Analyzing dependencies of JavaScript snippets

I’m working on a way to build apps using a spreadsheet-like system called Smoothie. In place of formulas, Smoothie allows you to write arbitrary JavaScript snippets that can reference other cells.

To run a snippet, Smoothie wraps it in a function and calls the function. But that’s not enough. Consider this snippet:

return A1 + B2 * 5

If we just wrap this in a function and call it, we’ll get an error:

;(function () {
  return A1 + B2 * 5
})()

ReferenceError: A1 is not defined

You can probably see that A1 and B2 need to be in scope to evaluate this expression. We can make them available by passing them as arguments:

;(function (A1, B2) {
  return A1 + B2 * 5
})(A1, B2)

It’s clear to us that A1 and B2 need to be passed, but how can we program the computer to figure that out for us? The problem we’re faced with is parsing out the dependencies of a snippet of code. Let’s dig into the details.

Understanding the problem

On a cursory look, it seems like a simple approach could work: split on spaces and collect the parts that look like identifiers, perhaps using a regex. But this kind of approach breaks down on complex code. Consider this multiline snippet that takes parses B1 into a number, adds A1, and returns a status message:

const sum = (a, b) => Promise.resolve(a + b)
let B2
{
  const B1 = parseInt(B1.value)
  B2 = await sum(B1, A1)
}
return `${B2} is the sum of ${B1} and ${A1}.`

From this example, it should be clear that splitting on spaces won’t work. There’s too much going on syntactically.

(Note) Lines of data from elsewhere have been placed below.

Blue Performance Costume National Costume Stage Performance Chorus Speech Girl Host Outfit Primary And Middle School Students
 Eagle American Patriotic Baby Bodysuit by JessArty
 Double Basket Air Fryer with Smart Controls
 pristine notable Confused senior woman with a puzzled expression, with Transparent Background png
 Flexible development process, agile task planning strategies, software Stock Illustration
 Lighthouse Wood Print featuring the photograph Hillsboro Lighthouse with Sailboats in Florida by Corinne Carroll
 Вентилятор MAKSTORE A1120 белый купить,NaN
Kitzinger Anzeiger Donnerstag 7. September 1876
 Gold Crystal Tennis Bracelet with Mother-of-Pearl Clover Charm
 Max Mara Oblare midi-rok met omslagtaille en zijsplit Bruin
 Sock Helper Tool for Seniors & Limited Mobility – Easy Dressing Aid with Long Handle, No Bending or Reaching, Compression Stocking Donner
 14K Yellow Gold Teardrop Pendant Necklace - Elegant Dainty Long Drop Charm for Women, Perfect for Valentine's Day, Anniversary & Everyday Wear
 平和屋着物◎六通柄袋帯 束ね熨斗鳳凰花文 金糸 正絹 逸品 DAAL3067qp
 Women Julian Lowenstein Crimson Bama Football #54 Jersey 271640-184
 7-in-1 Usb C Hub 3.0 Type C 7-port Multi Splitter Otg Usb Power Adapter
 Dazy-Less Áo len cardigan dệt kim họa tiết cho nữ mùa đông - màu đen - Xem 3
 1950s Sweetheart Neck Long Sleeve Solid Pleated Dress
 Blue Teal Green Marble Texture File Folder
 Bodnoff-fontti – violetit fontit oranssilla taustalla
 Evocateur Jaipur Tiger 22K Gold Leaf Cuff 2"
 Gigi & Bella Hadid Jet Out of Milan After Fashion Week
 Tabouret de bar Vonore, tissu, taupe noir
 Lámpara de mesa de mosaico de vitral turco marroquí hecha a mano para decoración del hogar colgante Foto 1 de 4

In addition, the meaning of the program also complicates things:

• B1 is read on the RHS of line 4 and and then bound on the LHS.
• B2 is bound without first being read, “shadowing” the cell B2, so even though it looks like a dependency, it isn’t.
• There are references to globals like Promise and parseInt, which are irrelevant for this use case.^[1]

Accounting for these nuances, the dependencies of this snippet are B1 and A1. Our approach needs to be able to deal with this kind of complexity.

A better approach

It’s literally impossible to use a pattern-based approach to analyze a language as complex as JavaScript, so you’d certainly go crazy trying.^[2] Instead, we can use a library to parse the snippet into an Abstract Syntax Tree (AST) and traverse it to find identifiers. The Babel parser is the most popular way to do AST traversals of this kind. (There’s also acorn, but its included types are incomplete, and that seems unlikely to change.)

Let’s try and use the Babel parser to reliably figure out what identifiers our snippet needs:

import { parse } from "@babel/parser"
import traverse from "@babel/traverse"

const ast = parse("return A1 + B2 * 5", {
  strictMode: true,
  allowAwaitOutsideFunction: true,
  allowReturnOutsideFunction: true,
})

const identifiers = []
traverse(ast, {
  Identifier(path) {
    const { name } = path.node
    identifiers.push(name)
  },
})

console.log(identifiers)

This simple script outputs ["A1", "B2"]. Neat!

Unfortunately, this implementation is still flawed. Naively collecting all identifiers includes irrelevant ones, such as:

• Properties of objects, due to member expressions like D4.value; both D4 and value are included.
• Targets of variable declarations, like x in const x = 5.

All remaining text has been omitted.